On Monday, 7 May 2012 at 19:29:26 UTC, Steven Schveighoffer wrote:
Seriously though, I get what you are saying. Fortunately, we
have a very significant team working on phobos (I think more
than a dozen people have commit rights), so the situation for
"grr... phobos really should do *this*, but I can't get phobos
changed" can be pretty readily resolved. Github and pull
requests have made this incredibly easy. I've looked at some
pull requests that were dead simple, verified it in a matter of
minutes, and click one button to pull it. Even when I have no
experience in the related modules. Brad Roberts (and I think
Daniel Murphy?) have set up an awesome testing system that
automatically verifies pull requests on all the supported
platforms using the latest from git. See here:
http://d.puremagic.com/test-results/pulls.ghtml
The chances of your pull request being validated and pulled --
if it makes a good improvement to phobos -- are much much
higher than they used to be.
-Steve
Whoa! that auto-tester is pretty sharp!
I've actually been wondering about this. I recently ran into a
bug in Phobos, quickly tacked that there was an issue for it,
made an easy fix, submitted a pull request and commented on the
bug.
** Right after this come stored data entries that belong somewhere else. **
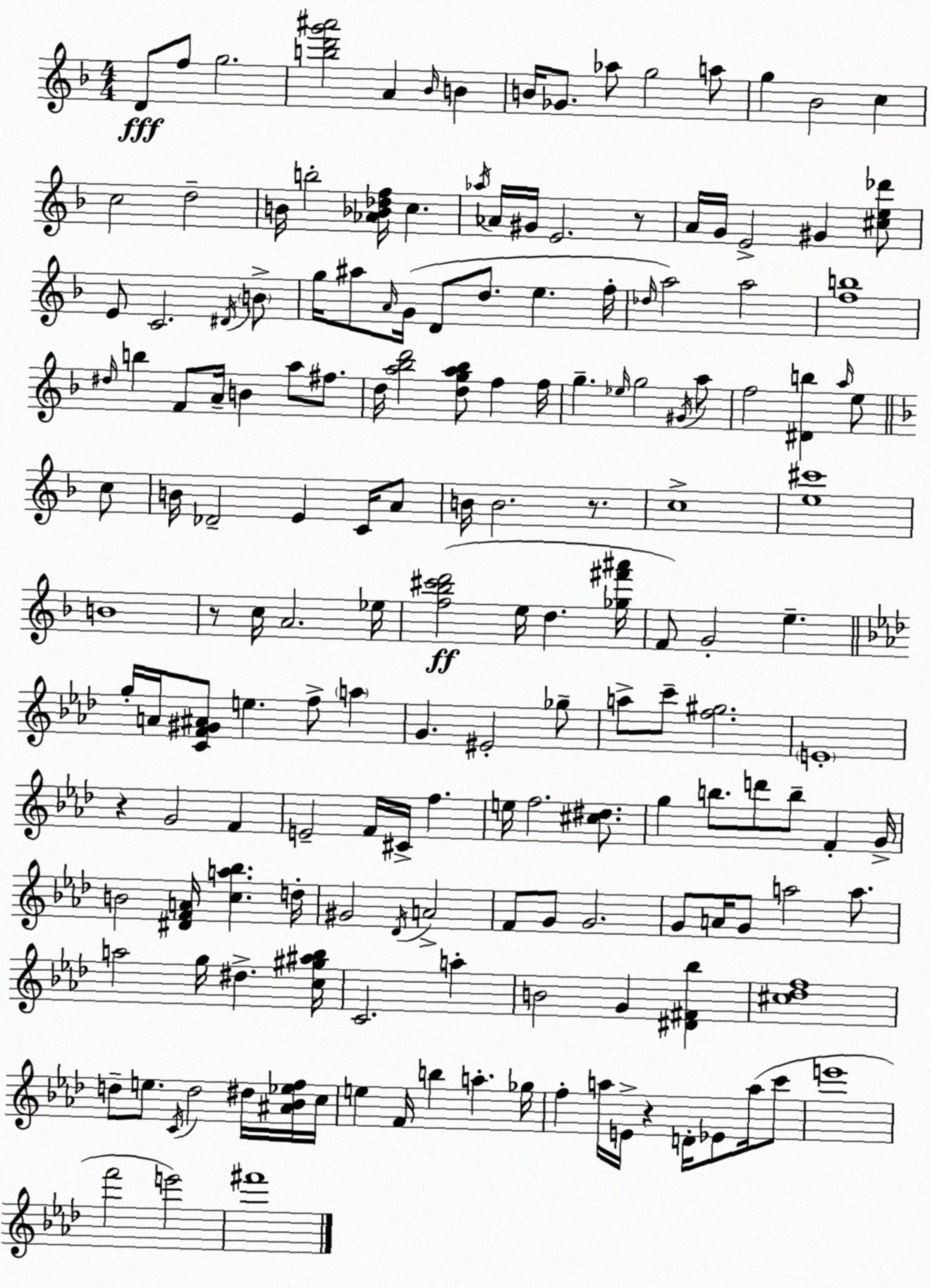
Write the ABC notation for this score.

X:1
T:Untitled
M:4/4
L:1/4
K:Dm
D/2 f/2 g2 [bd'g'^a']2 A _B/4 B B/4 _G/2 _a/2 g2 a/2 g _B2 c c2 d2 B/4 b2 [_A_B_df]/4 c _a/4 _A/4 ^G/4 E2 z/2 A/4 G/4 E2 ^G [^ce_d']/2 E/2 C2 ^D/4 B/2 g/4 ^a/2 A/4 G/4 D/2 d/2 e f/4 _d/4 a2 a2 [fb]4 ^d/4 b F/2 A/4 B a/2 ^f/2 d/4 [a_bd']2 [dga_b]/2 f f/4 g _e/4 g2 ^G/4 a/2 f2 [^Db] a/4 e/2 c/2 B/4 _D2 E C/4 A/2 B/4 B2 z/2 c4 [e^c']4 B4 z/2 c/4 A2 _e/4 [f_b^c'd']2 e/4 d [_g^f'^a']/4 F/2 G2 e g/4 A/4 [CF^G^A]/2 e f/2 a G ^E2 _g/2 a/2 c'/2 [f^g]2 E4 z G2 F E2 F/4 ^C/4 f e/4 f2 [^c^d]/2 g b/2 d'/2 b/2 F G/4 B2 [^DFA]/4 [ca_b] d/4 ^G2 _D/4 A2 F/2 G/2 G2 G/2 A/4 G/2 a2 a/2 a2 g/4 ^d [c^g^a_b]/4 C2 a B2 G [^D^F_b] [^c_df]4 d/2 e/2 C/4 d2 ^d/4 [^A_B_ef]/4 c/4 e F/4 b a _g/4 f a/4 E/4 z D/4 _E/2 a/4 c'/2 e'4 f'2 e'2 ^f'4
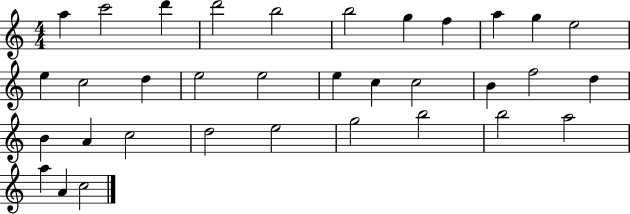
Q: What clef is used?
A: treble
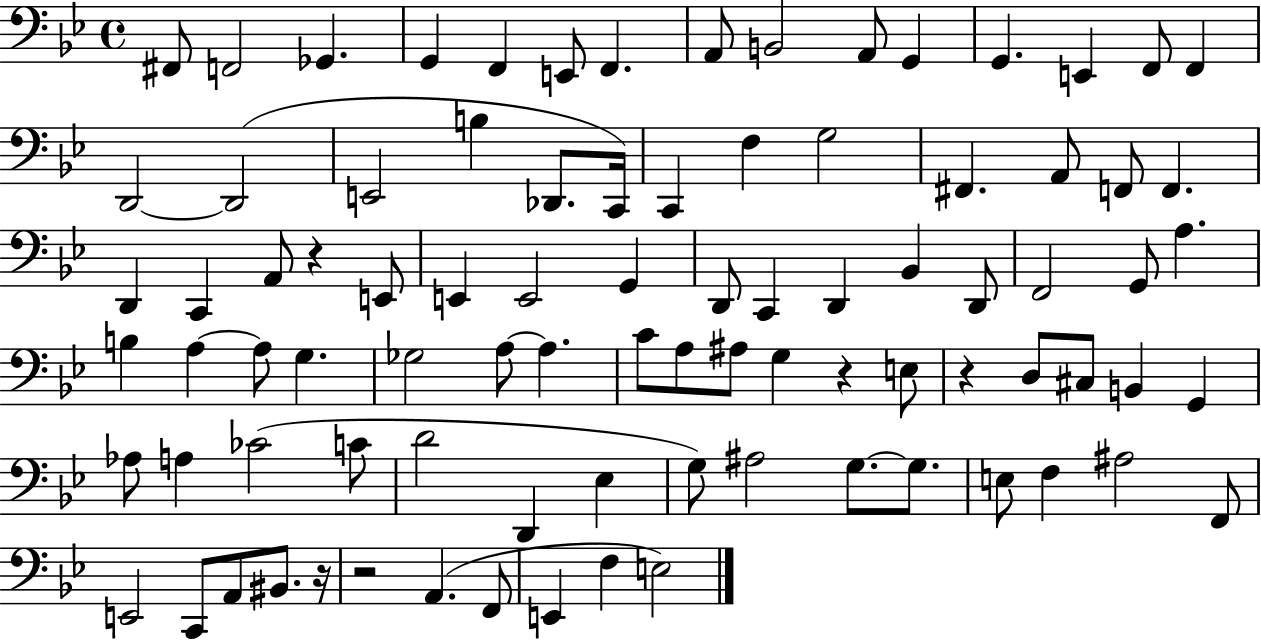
X:1
T:Untitled
M:4/4
L:1/4
K:Bb
^F,,/2 F,,2 _G,, G,, F,, E,,/2 F,, A,,/2 B,,2 A,,/2 G,, G,, E,, F,,/2 F,, D,,2 D,,2 E,,2 B, _D,,/2 C,,/4 C,, F, G,2 ^F,, A,,/2 F,,/2 F,, D,, C,, A,,/2 z E,,/2 E,, E,,2 G,, D,,/2 C,, D,, _B,, D,,/2 F,,2 G,,/2 A, B, A, A,/2 G, _G,2 A,/2 A, C/2 A,/2 ^A,/2 G, z E,/2 z D,/2 ^C,/2 B,, G,, _A,/2 A, _C2 C/2 D2 D,, _E, G,/2 ^A,2 G,/2 G,/2 E,/2 F, ^A,2 F,,/2 E,,2 C,,/2 A,,/2 ^B,,/2 z/4 z2 A,, F,,/2 E,, F, E,2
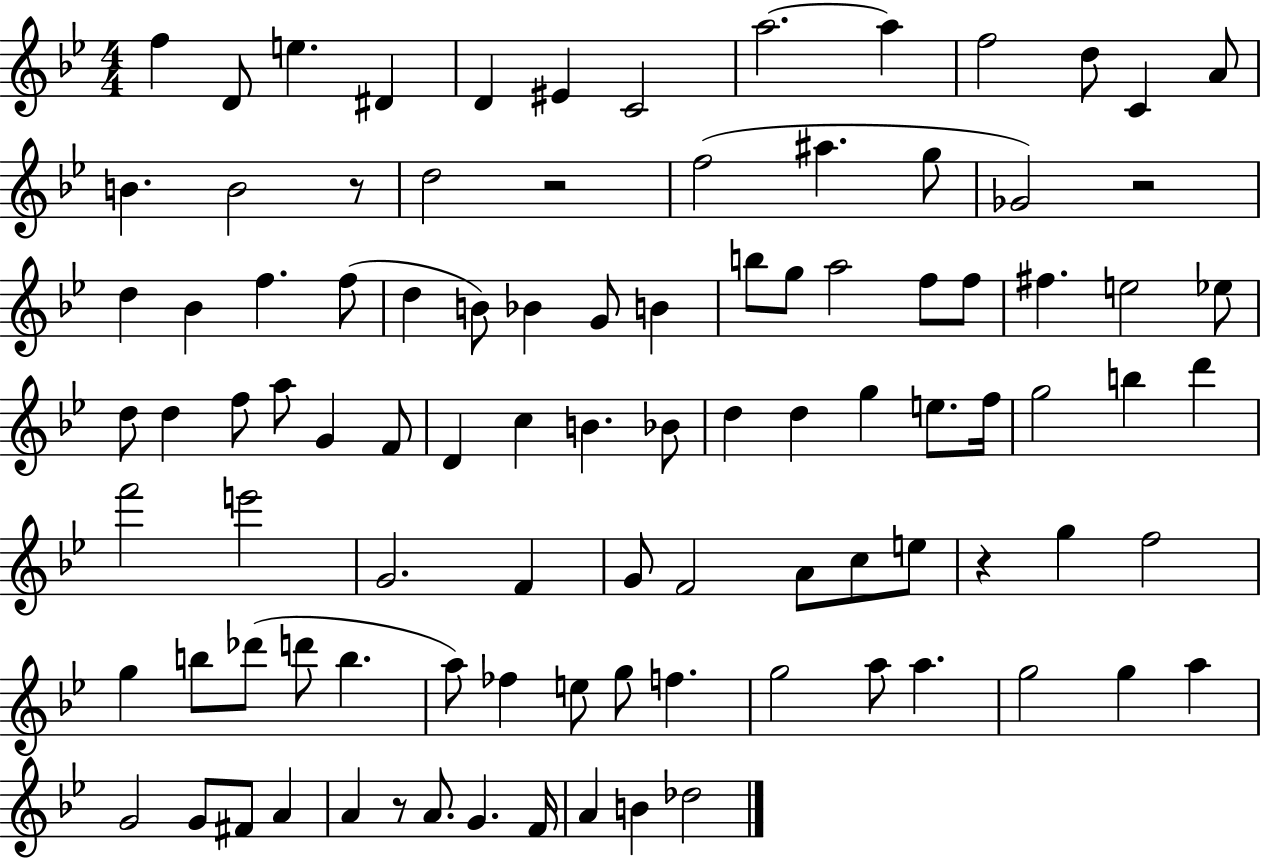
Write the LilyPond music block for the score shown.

{
  \clef treble
  \numericTimeSignature
  \time 4/4
  \key bes \major
  f''4 d'8 e''4. dis'4 | d'4 eis'4 c'2 | a''2.~~ a''4 | f''2 d''8 c'4 a'8 | \break b'4. b'2 r8 | d''2 r2 | f''2( ais''4. g''8 | ges'2) r2 | \break d''4 bes'4 f''4. f''8( | d''4 b'8) bes'4 g'8 b'4 | b''8 g''8 a''2 f''8 f''8 | fis''4. e''2 ees''8 | \break d''8 d''4 f''8 a''8 g'4 f'8 | d'4 c''4 b'4. bes'8 | d''4 d''4 g''4 e''8. f''16 | g''2 b''4 d'''4 | \break f'''2 e'''2 | g'2. f'4 | g'8 f'2 a'8 c''8 e''8 | r4 g''4 f''2 | \break g''4 b''8 des'''8( d'''8 b''4. | a''8) fes''4 e''8 g''8 f''4. | g''2 a''8 a''4. | g''2 g''4 a''4 | \break g'2 g'8 fis'8 a'4 | a'4 r8 a'8. g'4. f'16 | a'4 b'4 des''2 | \bar "|."
}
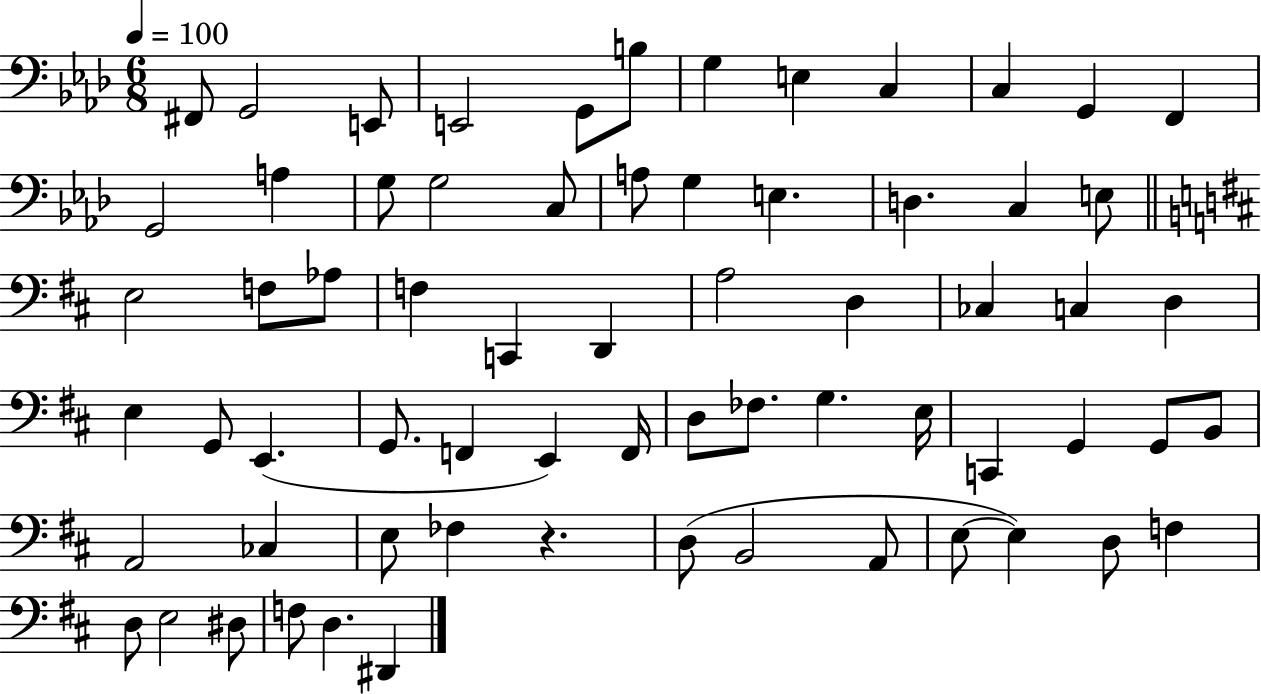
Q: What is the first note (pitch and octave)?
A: F#2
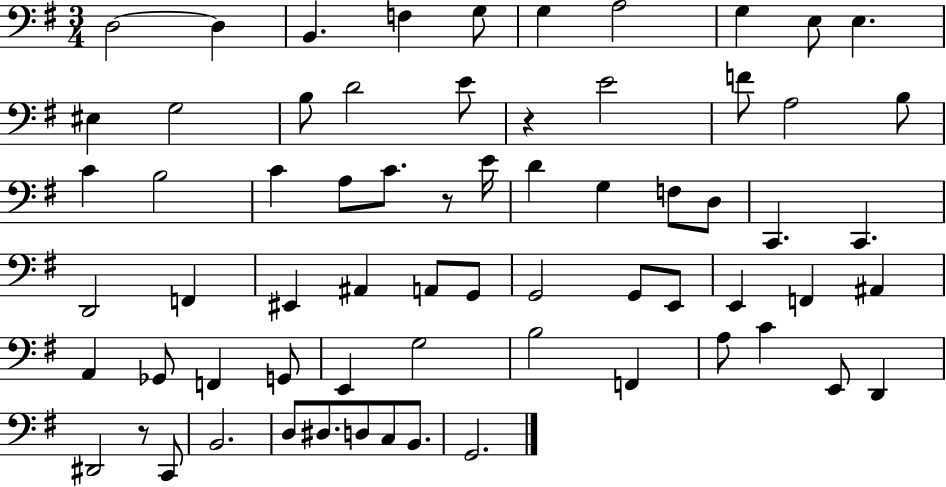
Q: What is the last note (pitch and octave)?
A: G2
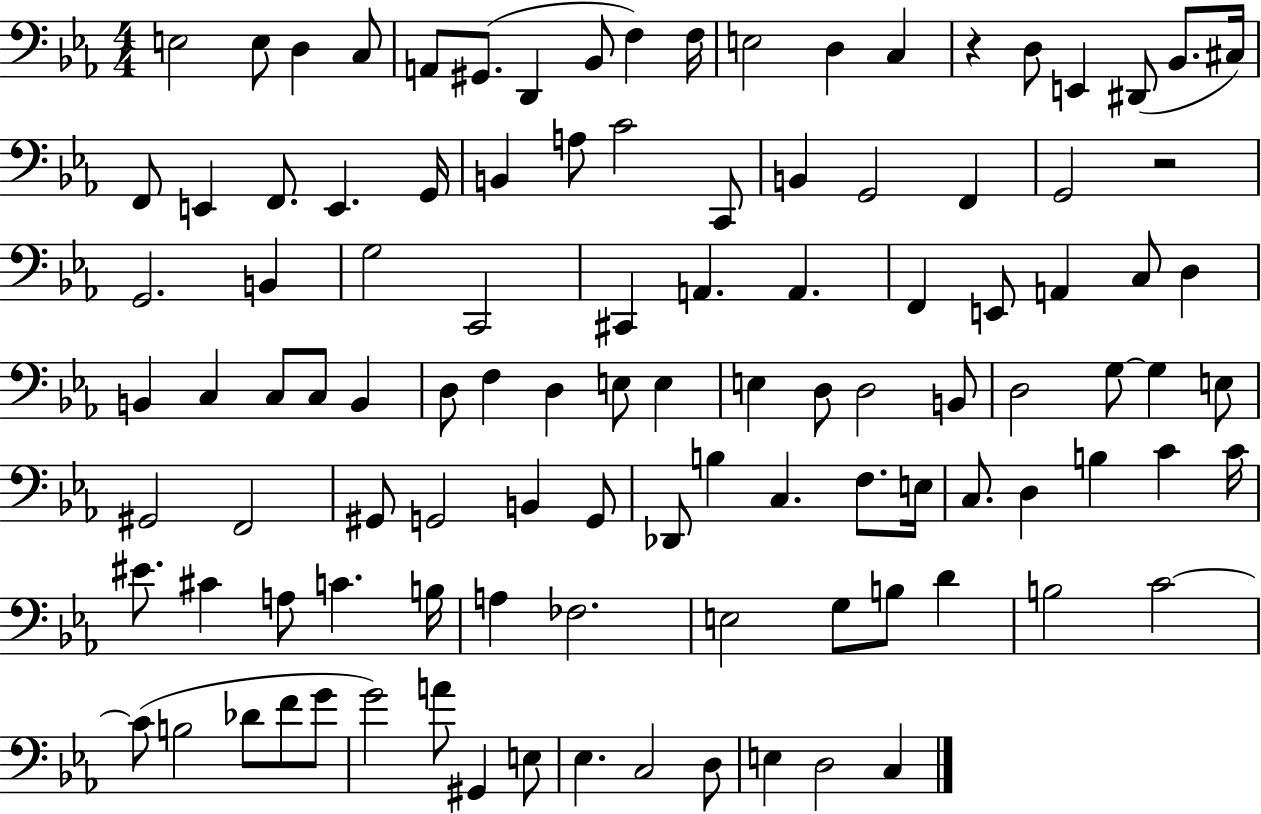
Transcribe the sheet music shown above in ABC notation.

X:1
T:Untitled
M:4/4
L:1/4
K:Eb
E,2 E,/2 D, C,/2 A,,/2 ^G,,/2 D,, _B,,/2 F, F,/4 E,2 D, C, z D,/2 E,, ^D,,/2 _B,,/2 ^C,/4 F,,/2 E,, F,,/2 E,, G,,/4 B,, A,/2 C2 C,,/2 B,, G,,2 F,, G,,2 z2 G,,2 B,, G,2 C,,2 ^C,, A,, A,, F,, E,,/2 A,, C,/2 D, B,, C, C,/2 C,/2 B,, D,/2 F, D, E,/2 E, E, D,/2 D,2 B,,/2 D,2 G,/2 G, E,/2 ^G,,2 F,,2 ^G,,/2 G,,2 B,, G,,/2 _D,,/2 B, C, F,/2 E,/4 C,/2 D, B, C C/4 ^E/2 ^C A,/2 C B,/4 A, _F,2 E,2 G,/2 B,/2 D B,2 C2 C/2 B,2 _D/2 F/2 G/2 G2 A/2 ^G,, E,/2 _E, C,2 D,/2 E, D,2 C,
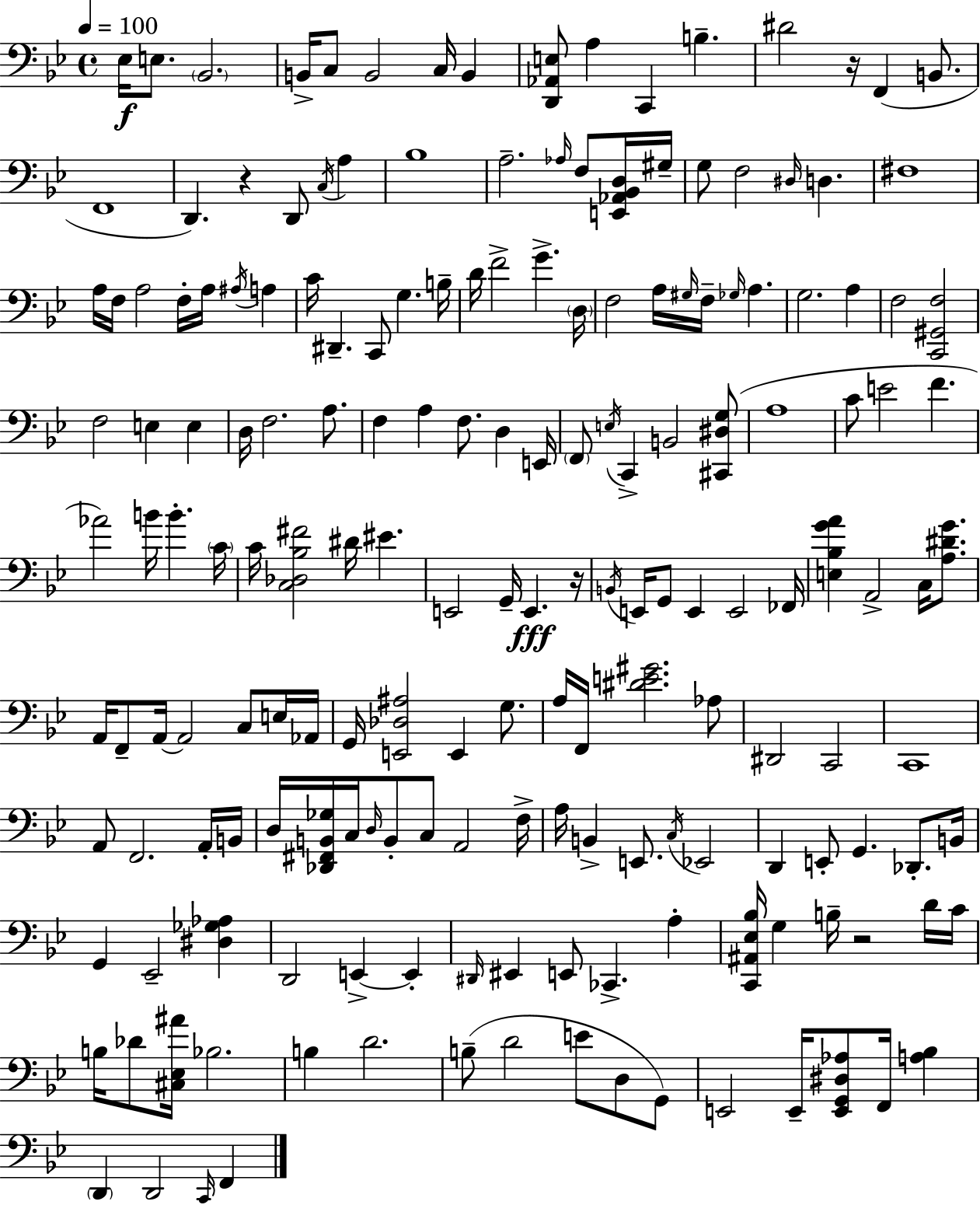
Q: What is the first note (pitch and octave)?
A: Eb3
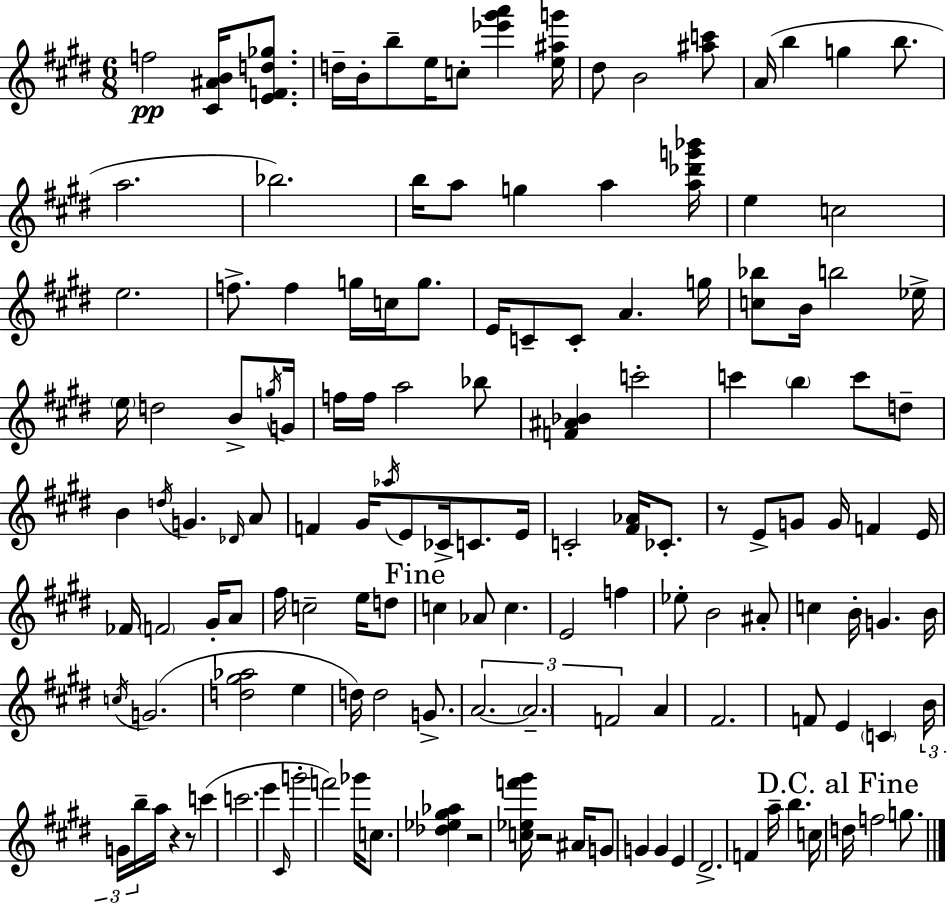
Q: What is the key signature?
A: E major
All tests in the above page are coming out green, so I guess
I've got that going for it.
https://github.com/D-Programming-Language/phobos/pull/557
Is there some additional communication channel I need to notify
for someone to have a look at it and at least comment on any
errors/mistakes? Or am I pretty much stuck to wait for whoever is
in charge of that module to run into it?